But when trying to understand which metrics we can use, there's no perfect answer for that. I've been into all sorts of conferences where people talk about different metrics and we all agreed that there is no perfect one. It's also a bit of experimentation that we need to do and understand if some have more importance than others, of course.
Rui Costa:
Would you say that each application should have its own metrics in some essence, even if you have some generic ones?
Manuel Garcia
Actually, that's a very good point. I mean the generic ones are the ones that we heard about in the community and so on. But I actually believe that besides the generic ones, it's definitely a good idea that you try to formalize your own metrics. The reason I say that is that generic metrics will work the same way, regardless of what application you are pointing to. But customized metrics, you can design metrics that serve best for your business, right? So we can define all of the variables and so on. And perhaps, and what's a hundred percent guaranteed is that no one will know the business better than our own business.

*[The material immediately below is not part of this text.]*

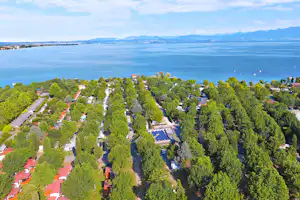 Baia Holiday Gasparina - Luftaufnahme des Campingplatzes mit Meer im Hintergrund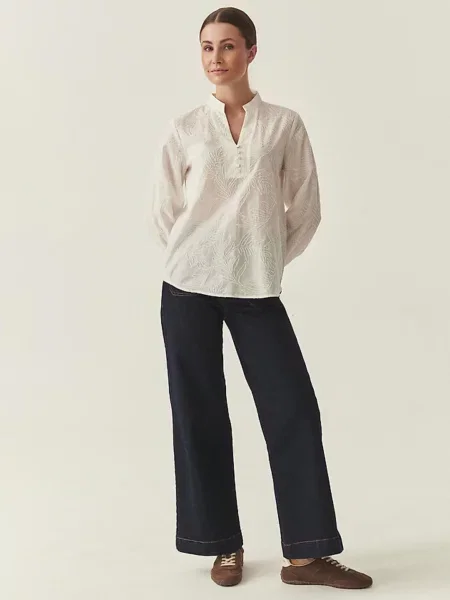 Bluză Tatuum cu broderie alb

So that's why we need to come up with understandings on perception and so on. And we have all the control to define the metrics that are customized to our website. And maybe you can even have different metrics for different pages because you are trying to extract more on some pages than others. So I just wanted to say that we have all of this control where we can define, but it's not something that I see that often. I see other companies, for instance Twitter, formalized one a few years ago, that it was "the time to first tweet". So for them, it was really important the speed that they wanted to have and for the users to just write the tweet, and that was good because it worked for their business. In our case, there are also other areas that we are focused on. Like since it's an eCommerce site and we want to do - basically it's a business, right? We want the customer to buy, we want to design a metric that tells us how fast the user can buy it at our site.
Rui Costa:
Yeah, I read in one of your posts - "time to basket" - is it?
Manuel Garcia
"Time to add to bag", yeah. I think it's a cool idea in a way that - I mean, I was just thinking out loud and it was one of my ideas. It's not hard to implement, but I think the cool part about it, is that it expresses what that place is all about. Because that's what we want. Like if you open on a mobile, you will see all the different elements that are important. You want to see an image, it's a product that you want to buy. You want to see the name and the price and you want to have that magic button there and you just want the customer to click on that. It's just what we want. It's our intention. And so having a metric that expresses that alone - I think it's very, very powerful.
Rui Costa:
Yeah, I absolutely agree because it's - in that example and the example you gave about Twitter - it's the key action. So you should definitely measure that and optimize that. But do you break it down? So I'm thinking like adding something to the bag involves multiple things, like rendering, the name of the product, the images, context - and all of that. So do you break it down? And if so, do you see any of these pieces as the most relevant ones? Or do you take an approach more from the perspective of like progressive content delivery in the sense that you have some key information that you want to ensure that gets first to the app, so that you optimize the time to add to the bag.
Manuel Garcia
Yeah, great question. Yes. I mean, besides this one that is really focused on the action of the user, there are other stages that I feel that they're very relevant and when trying to break that down, I always look at psychology in this case. So how the human brain thinks, I always felt that it was not something that was very abstract. I think it was very easy to explain to people because as users, we go to the same set of simulations when we open a page and how we perceive it. Although perception is subjective, we are talking about objective metrics. So that's why it's a bit complex, but I'll say that the first visual checkpoint for me, it's crucial.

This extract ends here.